No seu discurso de abertura do Debate da 79.ª sessão da Assembleia-Geral da ONU (UNGA79, na sigla em inglês), António Guterres falava sobre como a discriminação e abusos com base no género são a “desigualdade mais prevalecente em todas as sociedades”, quando direcionou as atenções para a audiência amplamente masculina do próprio salão em que discursava.
“Todos os dias, parece que somos confrontados por casos ainda mais repugnantes de feminicídio, violência de género e violação em massa, tanto em tempos de paz, quanto como arma de guerra”, afirmou.

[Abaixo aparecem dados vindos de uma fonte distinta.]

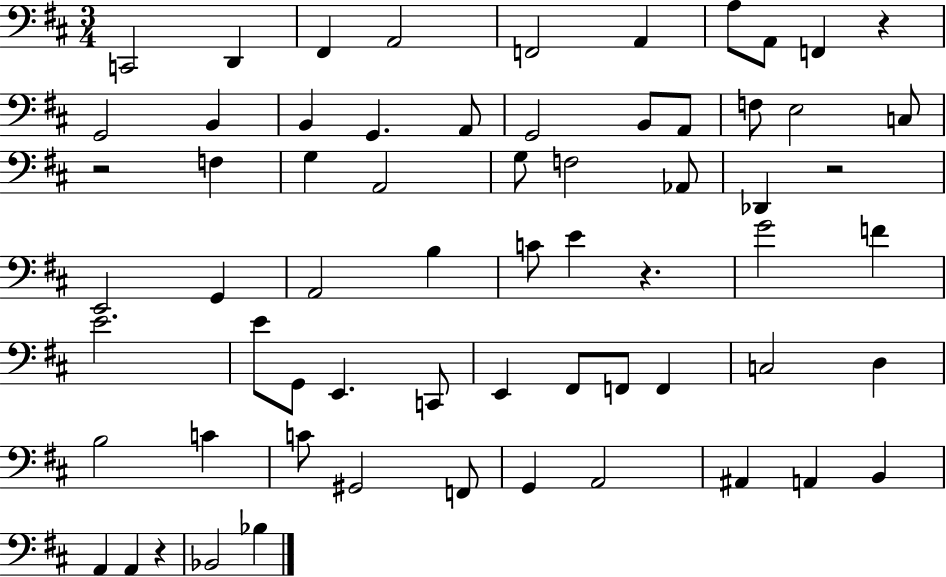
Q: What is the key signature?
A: D major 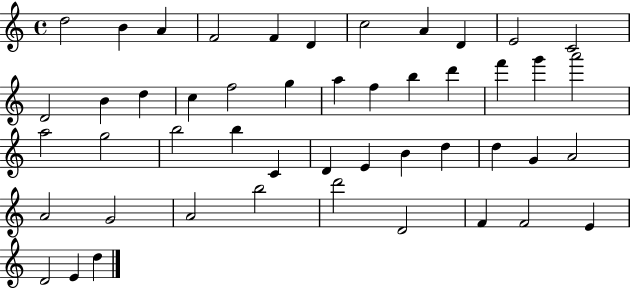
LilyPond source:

Em alguns países, adiantou, as leis estão a ser usadas para ameaçar a saúde e os direitos reprodutivos, e, em Estados como o Afeganistão, as leis são usadas para opressão sistemática de mulheres e meninas.
“E lamento observar que, apesar de anos de conversa, a desigualdade de género está em plena exibição neste mesmo auditório. Menos de 10% dos intervenientes durante o Debate Geral desta semana são mulheres”, assinalou.
Para Guterres, esse facto é “inaceitável”, “especialmente quando sabemos que a igualdade de género proporciona paz, desenvolvimento sustentável, ação climática e muito mais”.
O gabinete de António Guterres informou na segunda-feira que dos 194 intervenientes esperados durante a semana de debate, apenas 19 são mulheres (cinco chefes de Estado, uma vice-presidente, quatro líderes de Governo e nove ministras).
O ex-primeiro-ministro português advogou que a ONU tem tomado medidas específicas para alcançar a paridade de género entre lideranças seniores da Organização e garantiu aos Estados-membros que é possível atingir esse objetivo.
“Apelo às instituições políticas e económicas dominadas por homens em todo o mundo para que o façam”, instou.
Ainda sobre as crescentes desigualdades que se registam, desde a crise do custo de vida, passando pelos conflitos e pela questão climática, Guterres realçou que o mundo ainda não recuperou do impacto da pandemia de covid-19.
De acordo com o líder das Nações Unidas, dos 75 países mais pobres do mundo, um terço está pior hoje do que há cinco anos, e, durante o mesmo período, os cinco homens mais ricos do mundo mais do que duplicaram a sua riqueza.
“E os 1% mais ricos do mundo possuem 43% de todos os ativos financeiros globais”, criticou.
Já a nível nacional, alguns Governos estão a aumentar as desigualdades ao distribuírem “enormes isenções fiscais para empresas e ultra-ricos, enquanto prejudicam investimentos em saúde, educação e proteção social”, lamentou.
“Ninguém está a ser prejudicado mais do que as mulheres e meninas do mundo”, assegurou o secretário-geral.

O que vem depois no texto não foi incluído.